CONTROL BLOCK SHARE PURCHASE ALLOCATION

 

As the purchaser is buying the company control block of the stock the following allocation of cost base shall be set forth:

 

1.For consideration of $7,500, $ 75,000 of affiliate debt.
2.For consideration of $17,500, and 3.2 billion shares and all Class B shares of the company and all remaining affiliate debt, except for the retained $ 180,000.00 debt.
 
 

 

CONSIDERATION.

 

The consideration for the Proposed Transaction will be Twenty Five Thousand Dollars ($25,000) and all other consideration set forth in the preceding paragraphs.

 

2.TIMING.

 

The Parties shall execute the Final Agreements and close the Proposed Transaction on or before June 30, 2013 (the “Closing Date”).

 

3.CONTINGENCIES.

Any obligation to consummate the Proposed Transaction under the terms of this Letter of

Intent is based entirely on satisfaction of each of the following conditions:

a.Execution of mutually acceptable Final Agreements under the laws of the state of New Jersey.
b.Receipt of all applicable consents, approvals, and authorizations including board, partnership, third party, and regulatory approvals, if any, relating to the Proposed Transaction.
c.Completion by each Party and its business, legal, financial, and other representatives of a substantial due diligence investigation of all relevant business, legal, financial, engineering, and/or environmental documents, with results satisfactory to such Party, no later than June 15, 2013, or as otherwise agreed by the mutual written agreement of the Parties (the “Due Diligence Completion Date”).

4.NOTICE AFTER COMPLETION OF DUE DILIGENCE.

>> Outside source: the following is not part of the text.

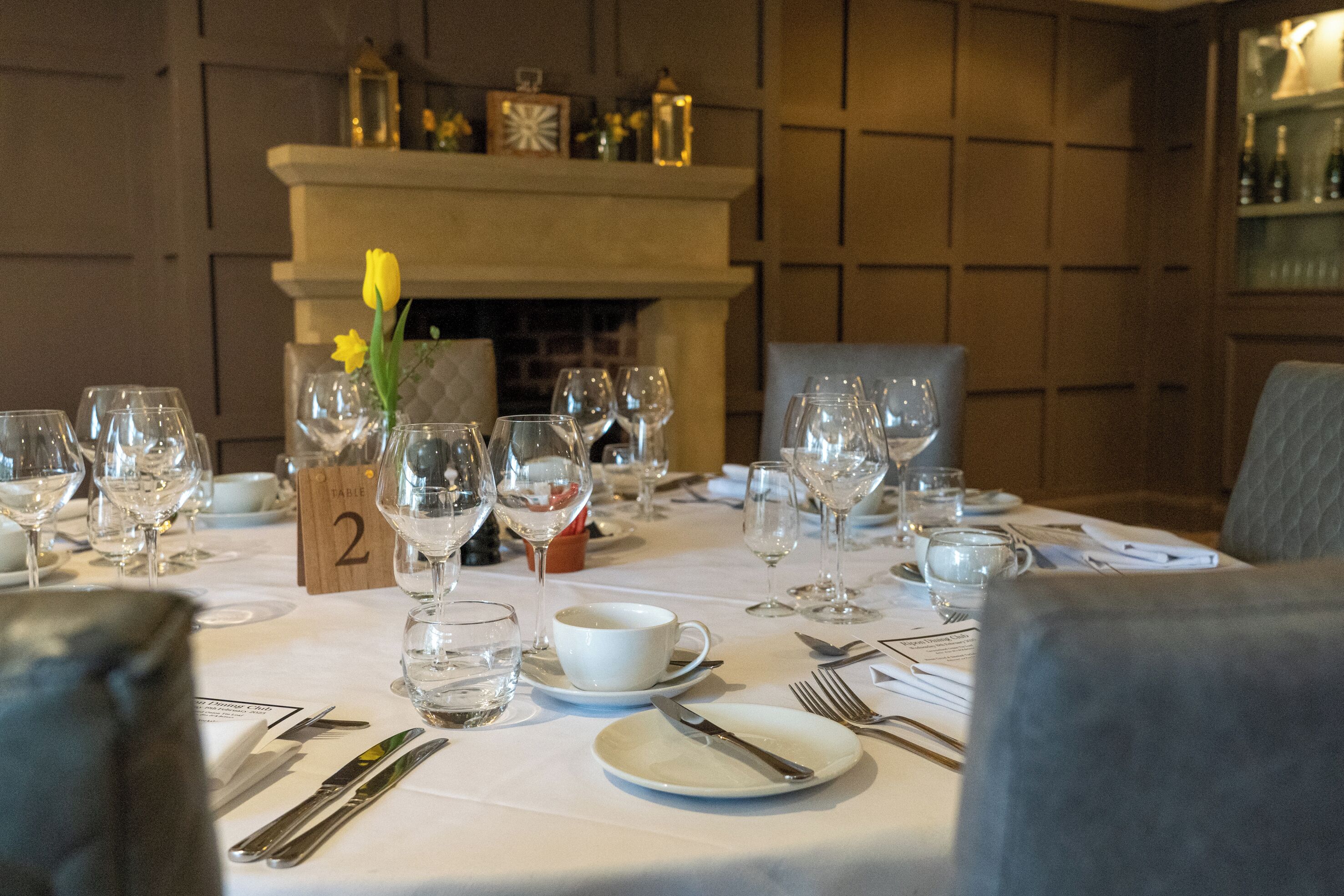 A dining table set for a meal with wine glasses, plates, and cutlery.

On or before the Due Diligence Completion Date, each Party shall notify the other Party in writing that it has completed substantial due diligence and is prepared to proceed with consummation of the Proposed Transaction (the “Notice of Intention to Proceed”). If a Party does not provide a Notice of Intention to Proceed to the other Party on or before the Due Diligence Completion Date, the other Party may cancel this proposal and, notwithstanding anything contained herein to the contrary, neither Party shall have any obligation or liability to the other Party. For the purposes of this Letter of Intent, the effective date of receipt of a Notice of Intention to Proceed will be the date of receipt as acknowledged in writing by the receiving Party.

 

5.FINAL AGREEMENTS.

The Final Agreements will include customary covenants, conditions, representations, and warranties, which will be made as of the Closing Date. The Parties recognize that this is a non-binding Letter of Intent and that there may be additional elements for negotiation and inclusion.

6.NO PUBLIC DISCLOSURES.

 

Except as may be required by law, neither Party shall make any public disclosure about the Proposed Transaction contemplated by this Letter of Intent until after both parties have signed this LOI. Any other disclosure not required by law that occurs on or after the Closing Date must be mutually agreeable to the Parties; provided, however, that nothing in this Section 8 will prevent either Party from communicating information concerning this Letter of Intent to any of its respective affiliates, officers, directors, employees, or professional advisors or to any third parties whose consent is required in connection with the Proposed Transaction contemplated by this Letter of Intent.

 
 

7.ACCESS TO INFORMATION.

While this Letter of Intent remains in effect, each Party and its advisors shall have reasonable access to the other Party’s books, records, and personnel files, and shall receive such financial and operational data and other information as that Party shall reasonably request. Any information so received shall be kept confidential by the receiving Party. On termination or expiration of this Letter of Intent, each Party shall return any and all printed information received from the other Party in connection with the Proposed Transaction.

8.EXCLUSIVE DEALING.

In consideration of the effort and expense to be incurred by the Parties in connection with their due diligence review of the Proposed Transaction, each Party agrees that for a period of thirty days from the date of this Letter of Intent, such Party and its officers,

directors, employees, and agents will not initiate, solicit, encourage (directly or indirectly), or accept any offer or proposal of any third party with respect to the Proposed Transaction, and shall not enter into any agreement, understanding, or transaction that would have an adverse affect on the ability of the Parties to consummate the Proposed Transaction.

 

9.EXPENSES.

Unless and until otherwise agreed in writing, each Party shall be responsible for and bear all of its own costs and expenses (including any legal, accounting, broker, advisor, investment banking, or other fees and expenses or prior commitments in respect thereof) incurred in connection with the Proposed Transaction or this Letter of Intent, regardless

of whether or not the Proposed Transaction is consummated. Except for breach of any confidentiality provisions hereof, neither Party shall have any liability to the other Party for any liabilities, losses, damages (whether special, incidental, or consequential), costs, or expenses incurred by the Party if negotiations between the Parties are terminated as provided in Section 13 below.

 

ATTACHMENTS:

Forming part of this agreement are the following documents upon which the buyer is relying upon as furnished by the seller. These documents form part of this agreement and shall survive the closing of this transaction for the sole irrevocable and unconditional benefit of the buyer.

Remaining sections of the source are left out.